9.10.2013

Vivre la solitude, le silence et le vide !



Aujourd'hui, je parlerai de trois “aventures” pour mettre en valeur ce qu'elles ont de commun dans l'expérience limite et absolue que vit chacun(e) des protagonistes. Mais aussi, parce que je sais que ce qu'ils ont vécu, ils l'ont fait pour et au nom de tout le genre humain. C'est en cela que leur expérience est exemplaire, instructive, fructueuse et  bénéfique pour nous tous. C'est pourquoi leur aventure me touche et peut vous intéresser.

Trois ouvrages sur la vie d'ermite : deux expériences de voyageurs-écrivains, une "religieuse-spirituelle". Deux cabanes, une grotte . Deux hommes, une femme.

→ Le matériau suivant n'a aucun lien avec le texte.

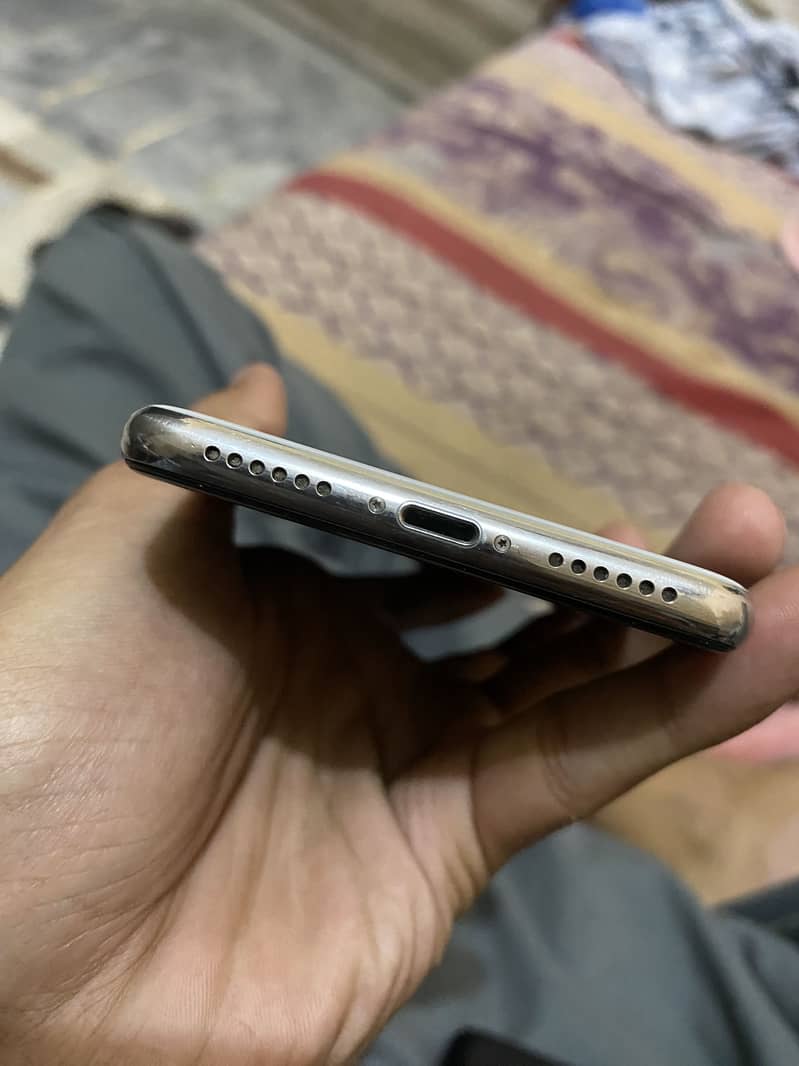 Apple iPhone X 2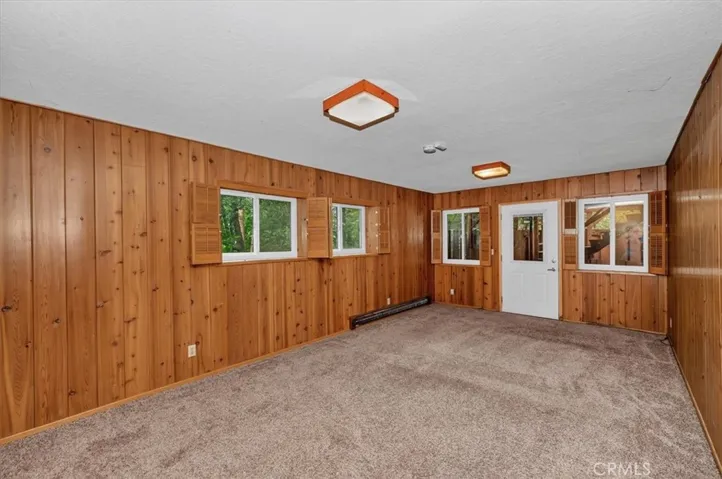 556 Pioneer, Lake Arrowhead, California 92352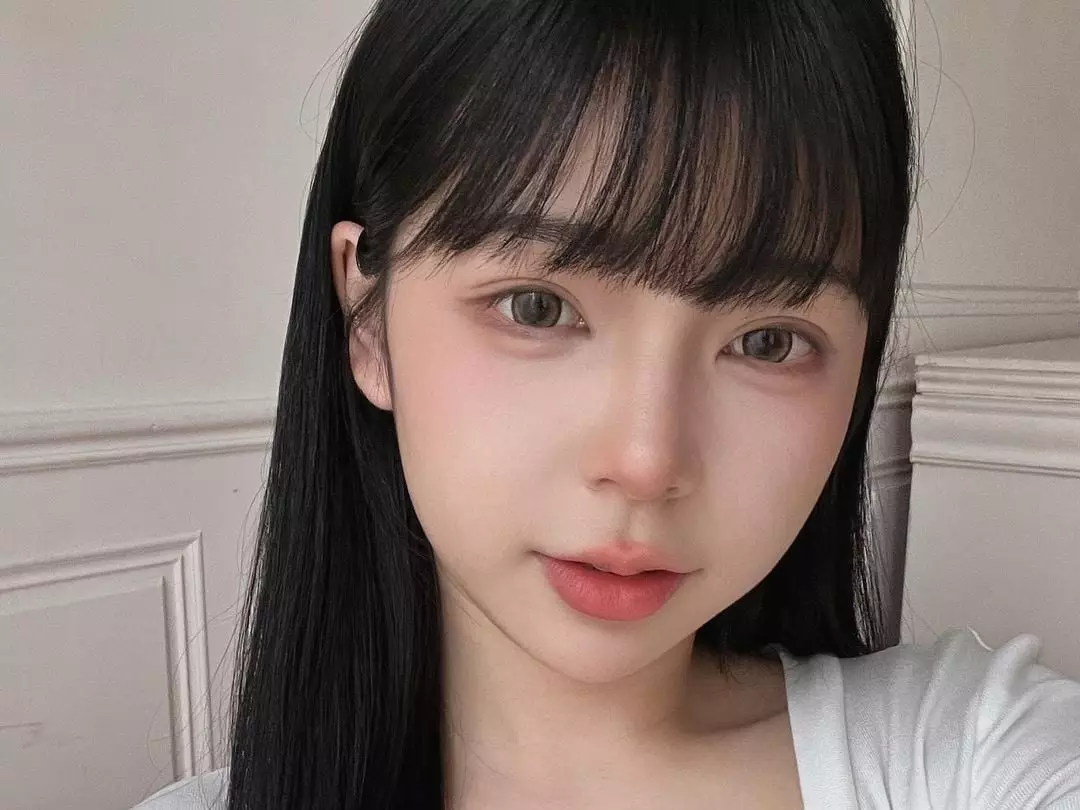 許悅 IG 大方分享整形：精靈耳、輪廓線⋯原來這些都是整來的！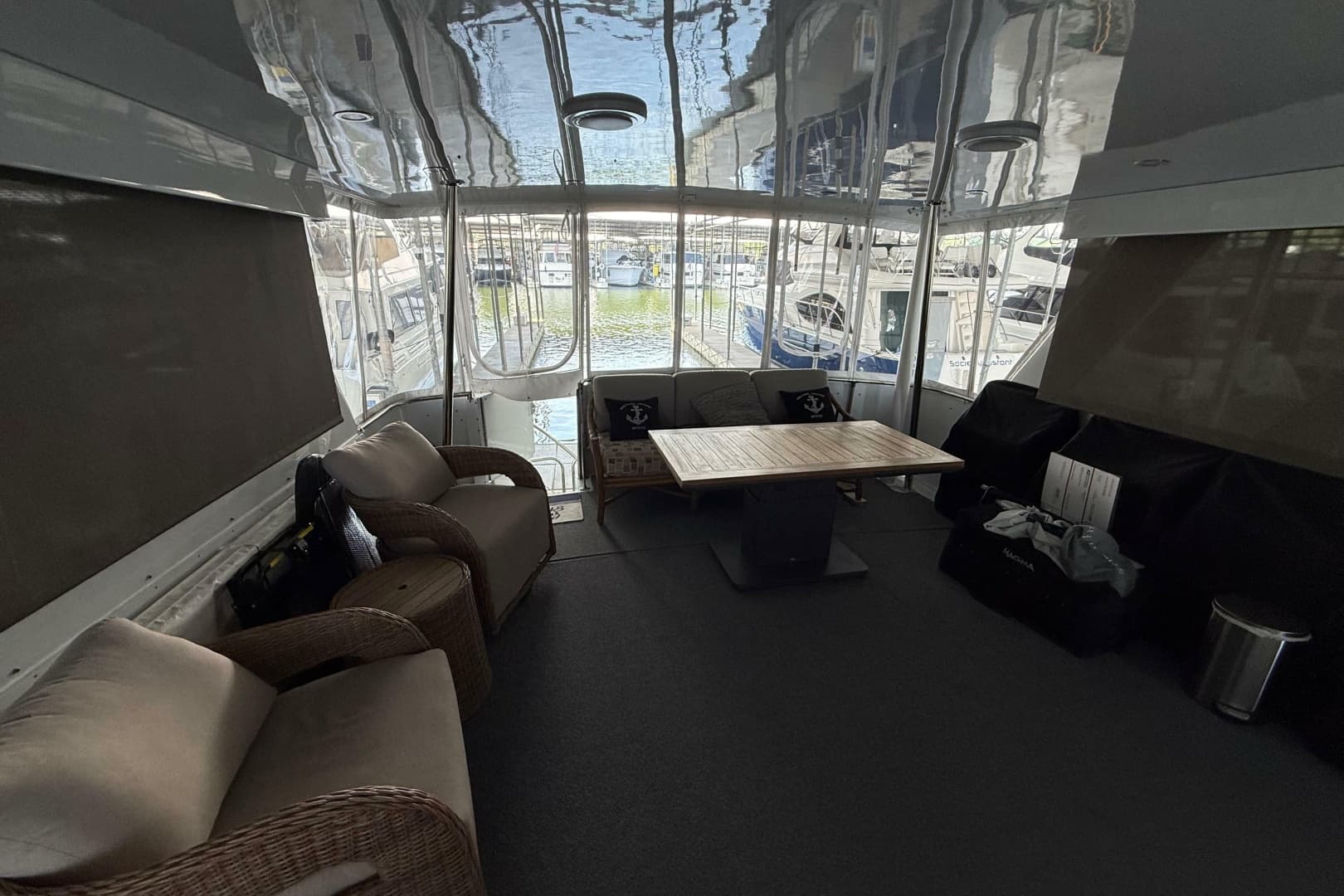 1998 Hatteras 52 Sport Deck Motor Yacht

Premier ouvrage: Solitudes australes. Chronique de la cabane retrouvée ( Editions Transboréal, 2012 ) qui raconte l'expérience de David Lefèvre reparti vers la Patagonie qu'il aime (l'île de Chiloë, au Chili) pour nous délivrer un message bien âpre, rugueux, comme peut l'être une vie au grand air, à essayer de subsister, de (sur)vivre au sein d'une nature souvent bien hostile et parfois cruelle envers l'homme.  Récit parfois amer, mordant, voire exaspérant par moments, mais sans concessions pour nous autres hommes vivant dans et par un système de consommation, de gaspillage et de reniements , réflexion méticuleuse, comme peut l'être une vie consacrée "à l'essentiel et au suffisant", selon son expression. "Ici, le monde des artifices s'estompe, écrit-il. On ne peut se mentir."  La personne qui vit une telle expérience se trouve au contact de trois phénomènes essentiels liés l'un à l'autre: la solitude, le silence et le vide !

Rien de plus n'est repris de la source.